By Heather R. Higgins and Phil Kerpen
From the Wall Street Journal:
Just hours after taking office, President Trump signed an executive order directing federal agencies to “waive, defer, grant exemptions from, or delay” any provision in ObamaCare that burdens individuals, families, insurers—and nearly anyone else who could be affected. This order takes full advantage of the vast discretion built into the law that President Obama used to virtually write ObamaCare on the fly. Mr. Trump’s move is much more than a symbolic gesture, and it is the first step toward repealing ObamaCare.
While the details will likely wait until after Dr. Tom Price is confirmed as Health and Human Services secretary, the Trump administration has already moved toward making it easier for Americans to buy health insurance plans prohibited by ObamaCare.
The executive order’s language—stopping anything in the law that creates “a fiscal burden on any State or a cost, fee, tax, penalty, or regulatory burden”—should be music to the ears of congressional Republicans. They have been struggling with Senate procedural rules regarding reconciliation, which likely precludes repealing ObamaCare’s cost-increasing insurance regulations while still allowing the repeal of the law’s mandates and subsidies.
Why does this matter? Insurance companies cannot presently afford to sell the policies people actually want. The law imposes a $100 a day penalty on insurers for every person to whom they sell a noncompliant policy. This effectively limits the individual market to nothing but ObamaCare-compliant plans, with premiums and deductibles driven sky-high by the law’s regulatory burdens. Yet ObamaCare subsidies can’t keep up with these increasing costs.
Enacting a partial repeal—that is, ending features like the individual mandate and the subsidies to insurance companies—risks accelerating the collapse of ObamaCare before an alternative is available. It also does nothing to provide those currently hurting under the law from any near-term relief.
Mr.
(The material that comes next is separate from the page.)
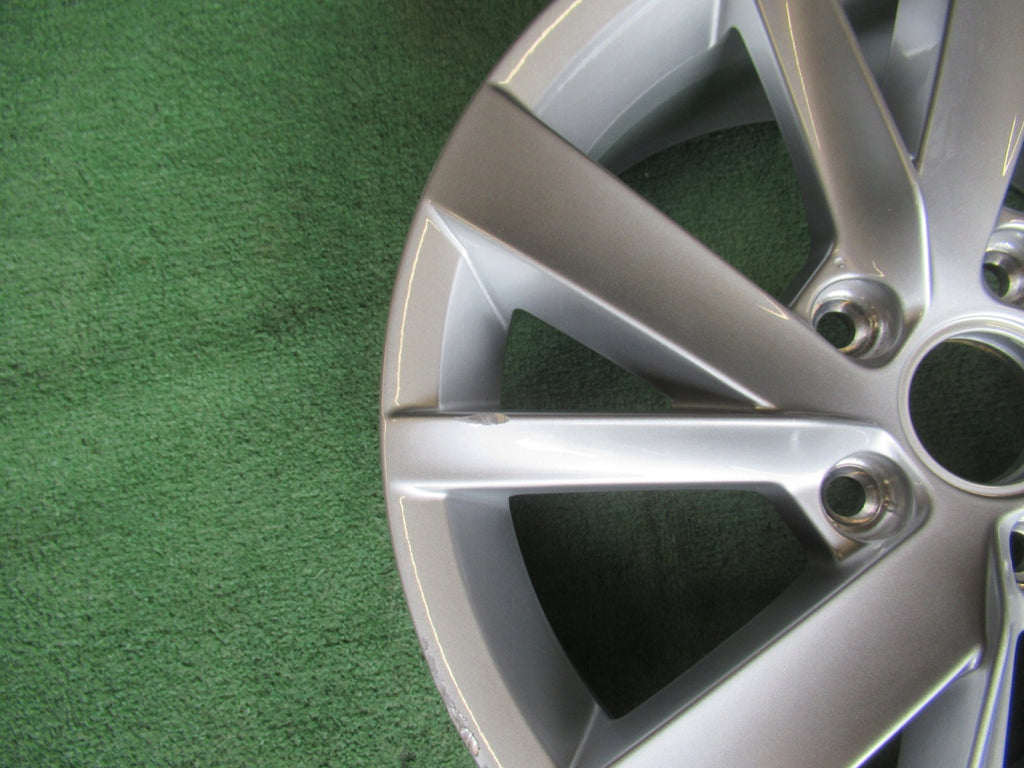 1x Alufelge 16 Zoll 6.5" 5x112 46ET 5H0071496 VW Golf Viii Rim Wheel FEL4891473947mq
Trump’s executive order allows Congress to move confidently forward with repeal, knowing that the prohibitive $100 penalty will be waived, and therefore vestigial regulations will not be an impediment to the immediate buying and selling of ObamaCare-exempt plans. The Trump administration effectively has signaled that it will use the Obama administration’s precedent of allowing noncompliant plans—remember “keep your plan” transition relief?—to create a parallel market where consumers can finally find plans they want and can afford.
Congress would be wise to add two components to the baseline repeal bill. First, the bill should include a statutory change codifying this suspension of penalties for selling ObamaCare-exempt plans. Minimizing the statutory penalties will calm the compliance departments at insurance companies. Otherwise, some insurers might be hesitant to enter a line of business on the basis of executive nonenforcement alone.
Congress should also fund state health-innovation block grants. This would give the Trump administration a powerful carrot in encouraging states to create more responsive insurance markets, including authorizing Obamacare-exempt plans under state law. The funds would also address the need to spread the burden of high-cost individual pre-existing condition coverage among all taxpayers, rather than forcing their costs to be borne only by those in the individual market, a feature which has helped drive sharply higher premiums.
The Trump administration has made very clear it will act—regardless of whether Congress does. Transition relief allowing the creation of ObamaCare-exempt individual markets is only one step toward solving the country’s many health-care problems. The broader debate over replacing ObamaCare and reforming the health-care system will continue for some time. But these early moves are crucial to providing ObamaCare’s hardest hit victims quick relief. States and insurance companies should move with the same urgency that the Trump administration has shown. It’s time to allow the choices that people want to be the choices they have.
Ms. Higgins is president of Independent Women’s Voice. Mr. Kerpen is president of American Commitment.